_WHAT IS REQUIRED:_ All of the data goes into your copy exactly as written. Images do not.

_SOURCE DATA:_

┏━━

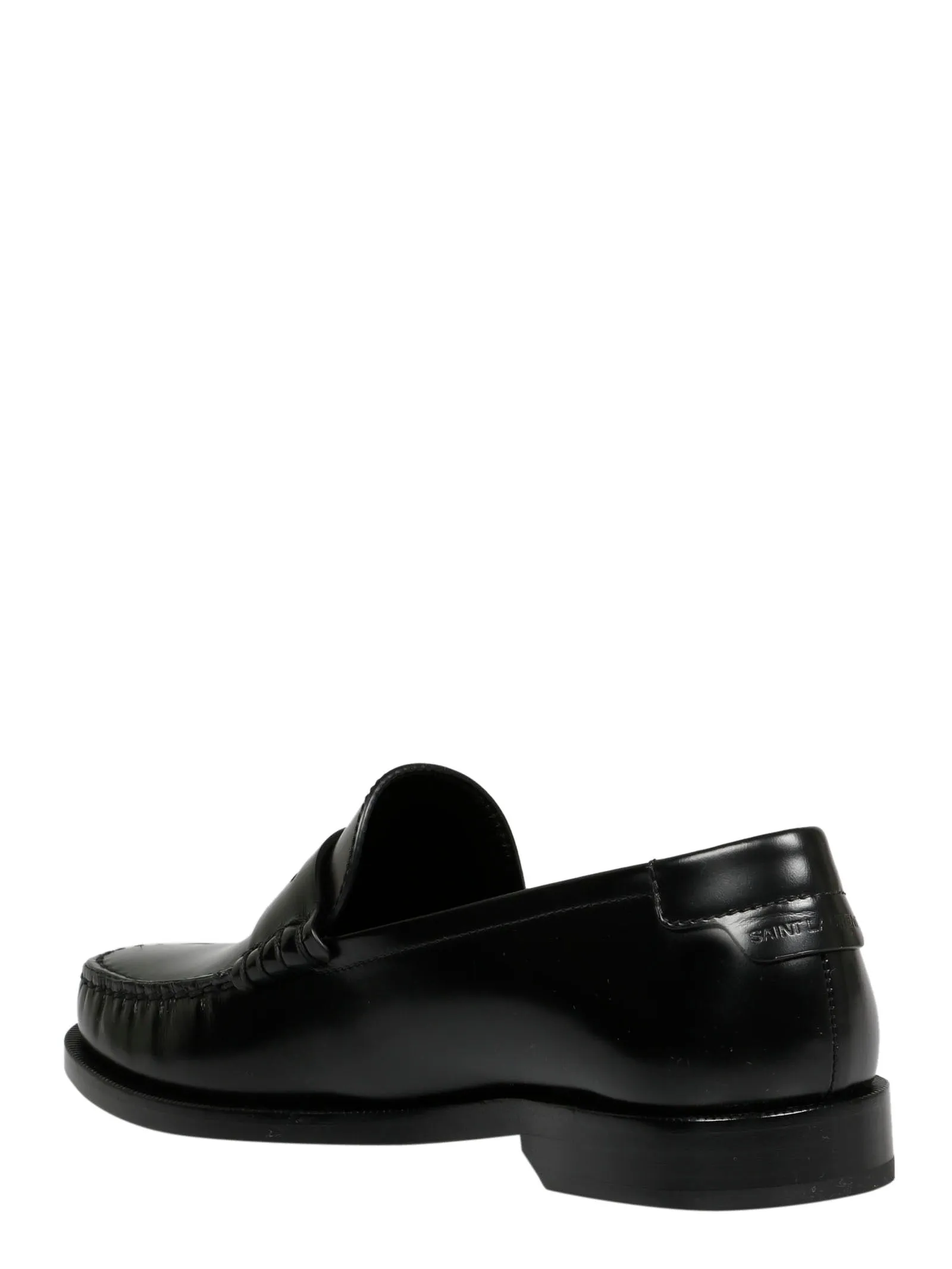 Saint Laurent Monogram Penny Loafers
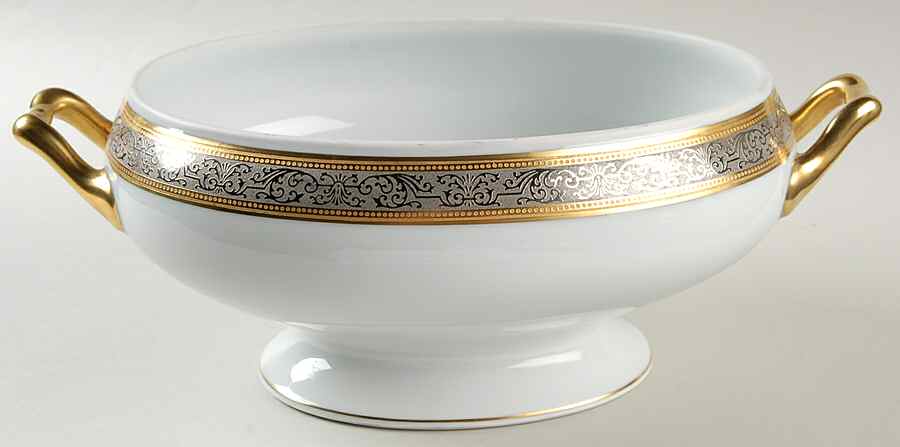 Vulcain Oval Vegetable No Lid by Bernardaud-1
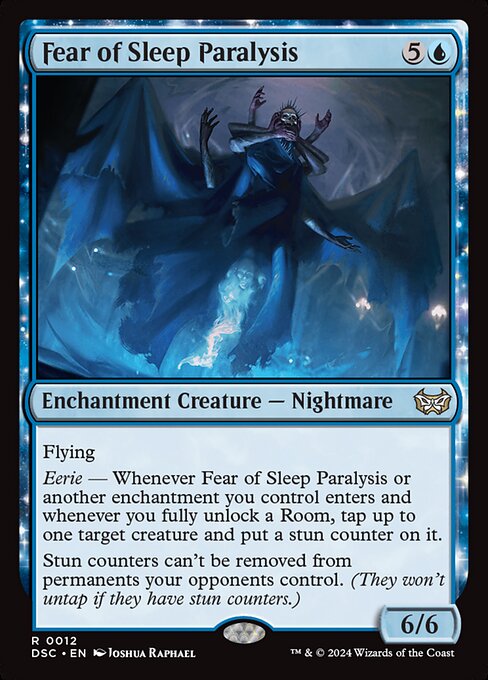 Fear of Sleep Paralysis (12) [Duskmourn: House of Horror Commander]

┗━━

_TASK RESULT:_
 Saint Laurent Monogram Penny Loafers
 Vulcain Oval Vegetable No Lid by Bernardaud-1
 Fear of Sleep Paralysis (12) [Duskmourn: House of Horror Commander]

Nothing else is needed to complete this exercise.